Kenya Hara (born 1958) is a Japanese graphic designer and curator. He is a graduate of Musashino Art University.
Hara has been the art director of Muji since 2001 and designed the opening and closing ceremony programs of the Nagano Winter Olympic Games 1998. He published Designing Design, in which he elaborates on the importance of “emptiness” in both the visual and philosophical traditions of Japan, and its application to design. In 2008, Hara partnered with fashion label Kenzo for the launch of its men's fragrance Kenzo Power.
Hara is a leading design personality in Japan and in 2000 had his own exhibition “Re-Design: The Daily Products of the 21st Century”.
In pursuing design as one’s practice, it is necessary to question the role of design, the identity of the ‘designer’ and the various values and belief systems associated with the term.
Back in 2006, Kenya Hara and Masayo Ave, visited each other’s homes in Japan and Berlin and recorded the respective conversations that occurred between them. Hara and Ave, both Japanese designers with one based in Japan and one in Europe, pores over matters of design over the length of the book from the design of kitchen products to accommodate the differences between cultural cuisine to gushing over bespoke Italian furniture and design. What I found central to the theme of the book is 1) the subject of “the role of design” and 2) the East-West paradigm.
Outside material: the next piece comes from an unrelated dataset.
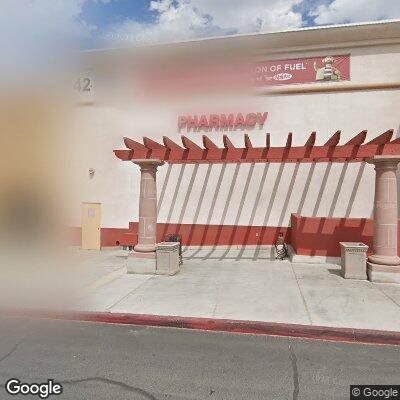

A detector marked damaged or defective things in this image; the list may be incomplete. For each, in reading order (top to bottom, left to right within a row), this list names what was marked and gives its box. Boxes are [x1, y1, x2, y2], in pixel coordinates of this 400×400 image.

road surface crack [61, 376, 158, 398]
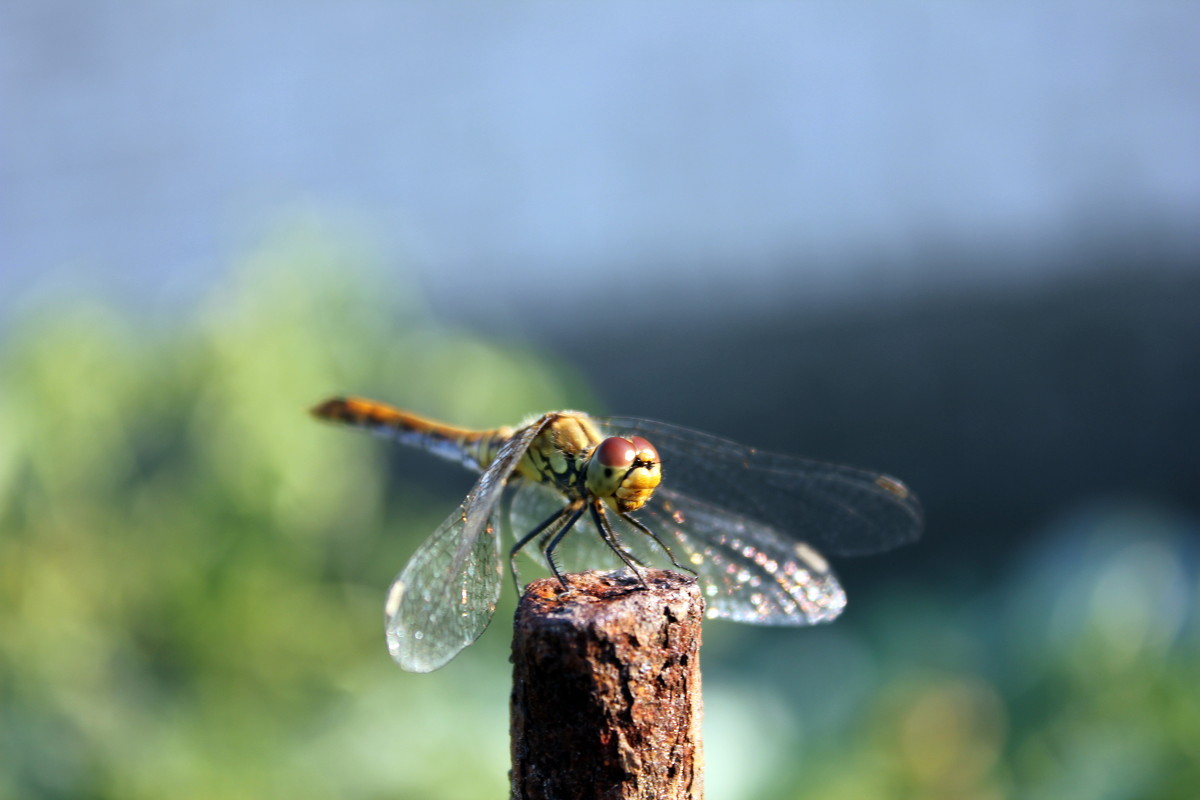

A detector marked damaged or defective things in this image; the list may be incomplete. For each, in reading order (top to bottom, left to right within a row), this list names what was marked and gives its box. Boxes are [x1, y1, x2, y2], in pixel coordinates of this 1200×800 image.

rusty wooden stake [508, 568, 700, 800]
In their examinations of everyday designed objects to the role of design in society, their views aptly reflects Japanese (and broadly speaking, Eastern) intonations, even if Ave has practised and taught in Europe for many years. References to haptic senses, a body-centric perspective, and harmony through design - though many of these remarks are made by Hara. Behind these ideas there is a certain sense that this genealogy of thought is above all a socially driven tool, in contrast to the Western tendency of rethinking traditionalism as the default mode of operation.
Culture, history and society form a great part of the discussion as factors in design as intrinsically linked and as a reflection to the cultural formation of the time. For one, depending on one’s cultural origins, the products in one’s kitchen including the types of pots, cutlery and containers carry great varieties (and as explained by Hara, is also why kitchen products don’t achieve great sales in foreign lands). But the more interesting parts are Hara’s observations on how history, economy and society has shaped the attitudes of its people into their particular epochs. These musings are short but speaks volumes about what design is informed by and what informs design.
What I did find most insightful and lingering in my mind are the analysis pertaining specifically to the role of design itself. Communication, in Hara’s words, are an exchange and not a transfer of an idea. It delivers an idea from one to the other, and from that point on continues to evoke and stir up new thoughts.